→ TASK STATEMENT
The lines to return are those from the line holding "alessia temptation online" through the last line of the entries below, both included, written exactly and without pictures.

→ PROVIDED RECORDS
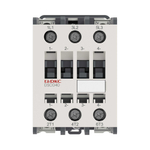 Магнитный контактор YON DSC040 40A 18,5кВт AC3 3P кат.110В AC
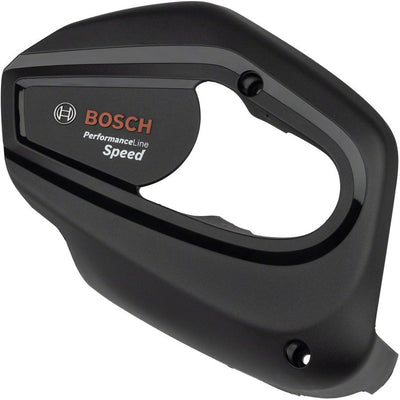 Bosch Design Cover Performance Line Speed - Left, full view.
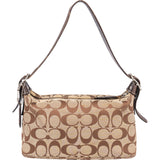 Coach Monogram Mini Handbag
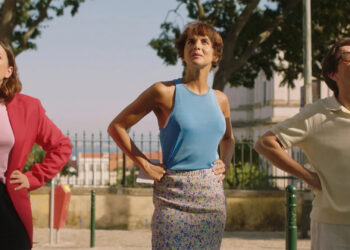 Cinema. Distrito de Leiria perde receitas e espectadores a um ritmo mais acelerado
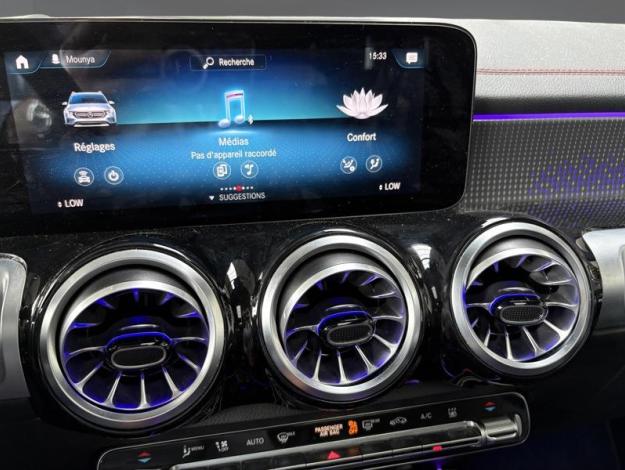 MERCEDES-BENZ EQB 350 4MATIC  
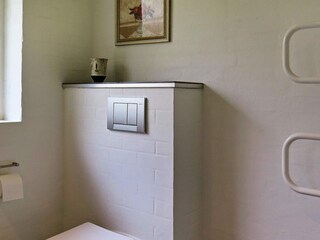 Holiday house Humlum  27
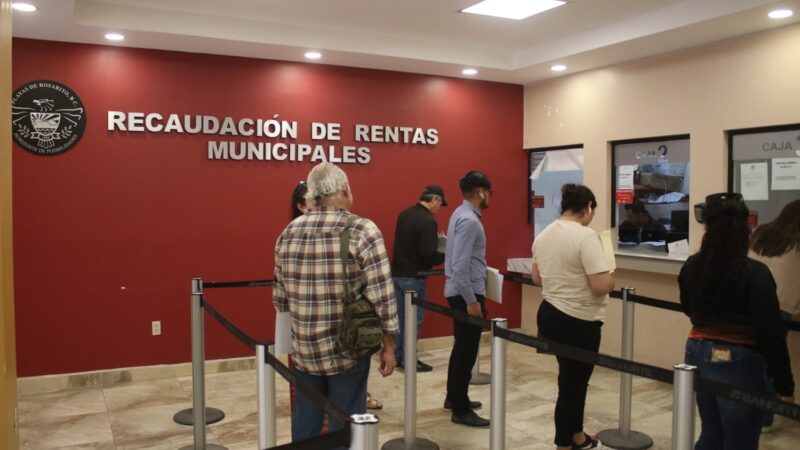 Invita Gobierno Municipal a revalidar permisos de comercios antes del 30 de junio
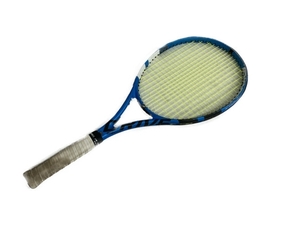 Babolat PURE DRIVE TEAM テニスラケット 2:41/4 バボラ ピュアドライブ 中古 S8585803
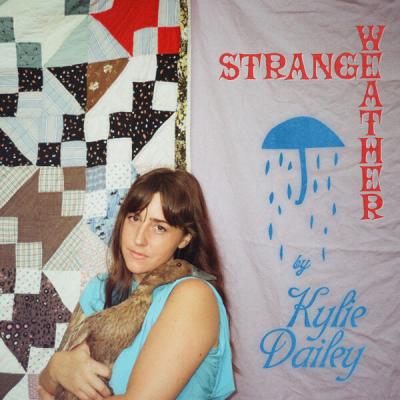 Kylie Dailey - Strange Weather (2025) [FLAC 24B-48kHz]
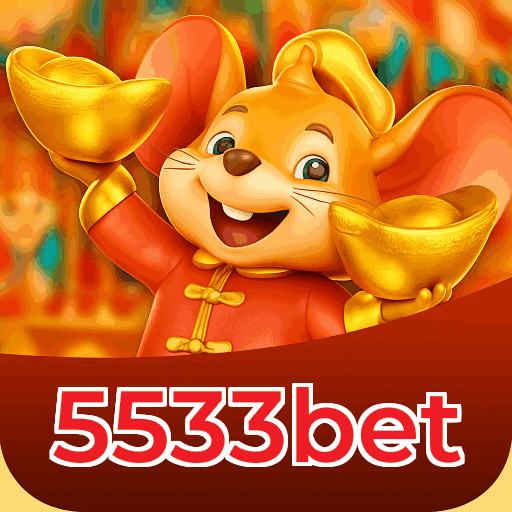 5533bet Logo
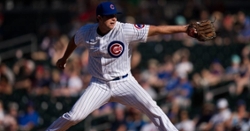 Cubs Roster Moves: Eric Uelmen promoted, pitcher designated for assignment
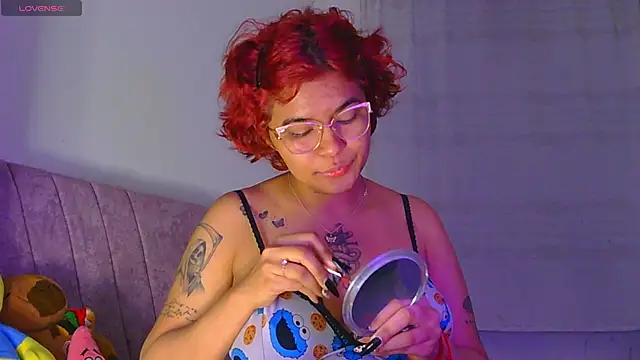 alessia temptation online show from 06-19-26, 08:07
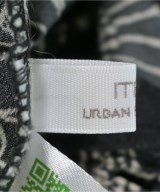 ITEMS URBAN RESEARCH（アイテムズアーバンリサーチ）ワンピース 黒 サイズ:F レディース/2200674998063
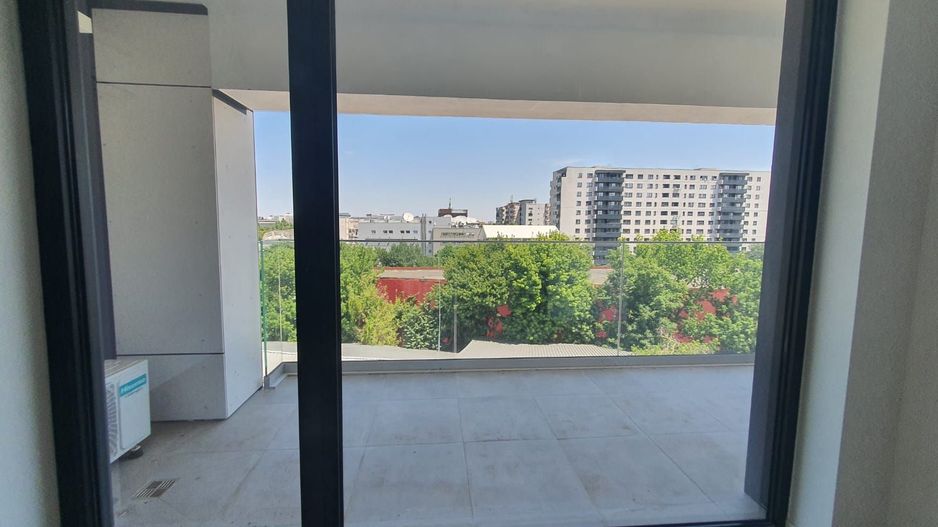 Apartament spatios 4 camere One Cotroceni Park - Poză 25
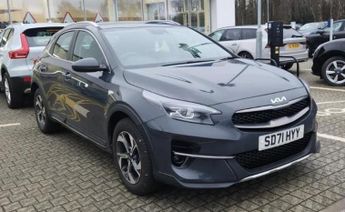 Kia Ceed 1.0T GDi ISG 2 5dr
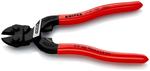 Компактный болторез KNIPEX CoBolt® S в блистере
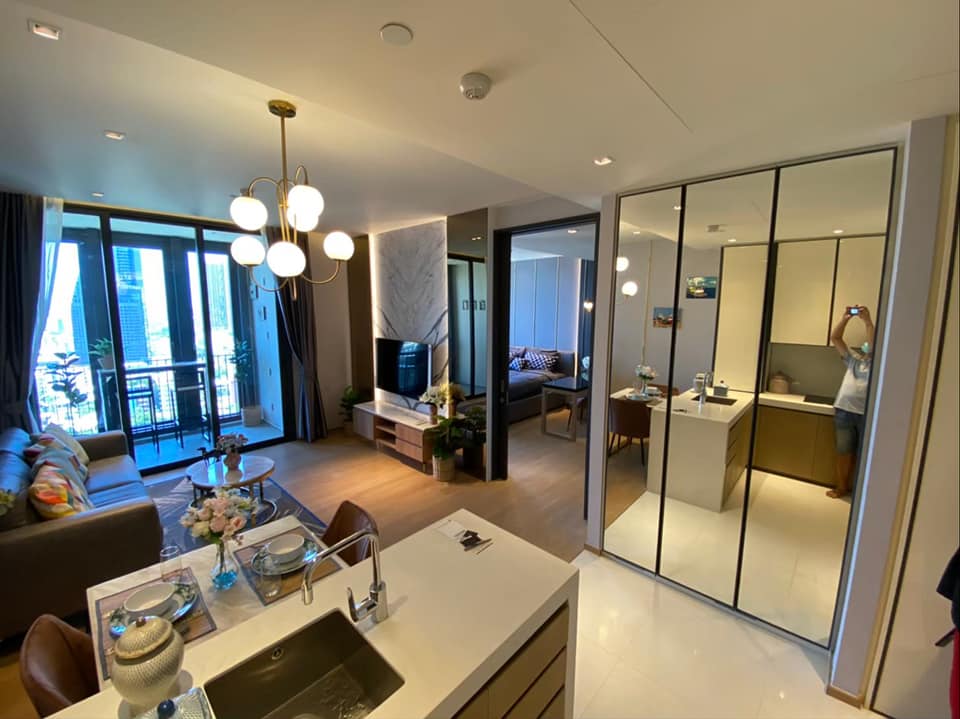 ✨Condo for Rent : BEATNIQ Sukhumvit 32 (( BTS Thonglor )) AP-02 line : @condo91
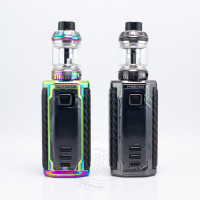 Freemax Maxus 3 200W Box Mod Kit з баком M Pro 3 Tank Atomizer 5ml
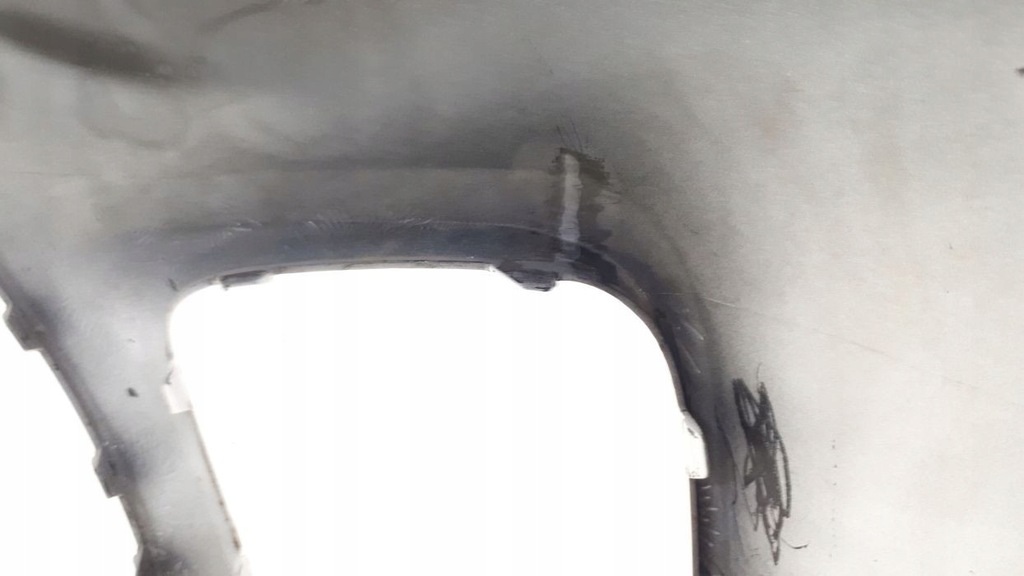 фото №10, Kia picanto gt-line 2017-2020 бампер перед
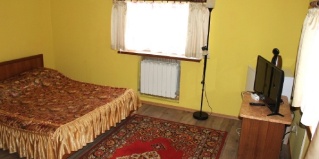 Ново-Талицы: Мини-отель Постоялый двор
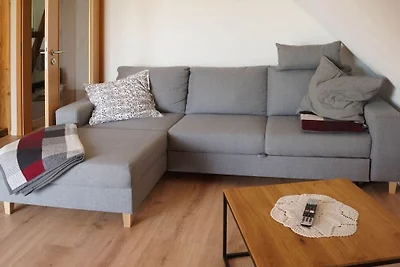 Appartamento per vacanze con 2 camere da...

→ RESPONSE AREA
 alessia temptation online show from 06-19-26, 08:07
 ITEMS URBAN RESEARCH（アイテムズアーバンリサーチ）ワンピース 黒 サイズ:F レディース/2200674998063
 Apartament spatios 4 camere One Cotroceni Park - Poză 25
 Kia Ceed 1.0T GDi ISG 2 5dr
 Компактный болторез KNIPEX CoBolt® S в блистере
 ✨Condo for Rent : BEATNIQ Sukhumvit 32 (( BTS Thonglor )) AP-02 line : @condo91
 Freemax Maxus 3 200W Box Mod Kit з баком M Pro 3 Tank Atomizer 5ml
 фото №10, Kia picanto gt-line 2017-2020 бампер перед
 Ново-Талицы: Мини-отель Постоялый двор
 Appartamento per vacanze con 2 camere da...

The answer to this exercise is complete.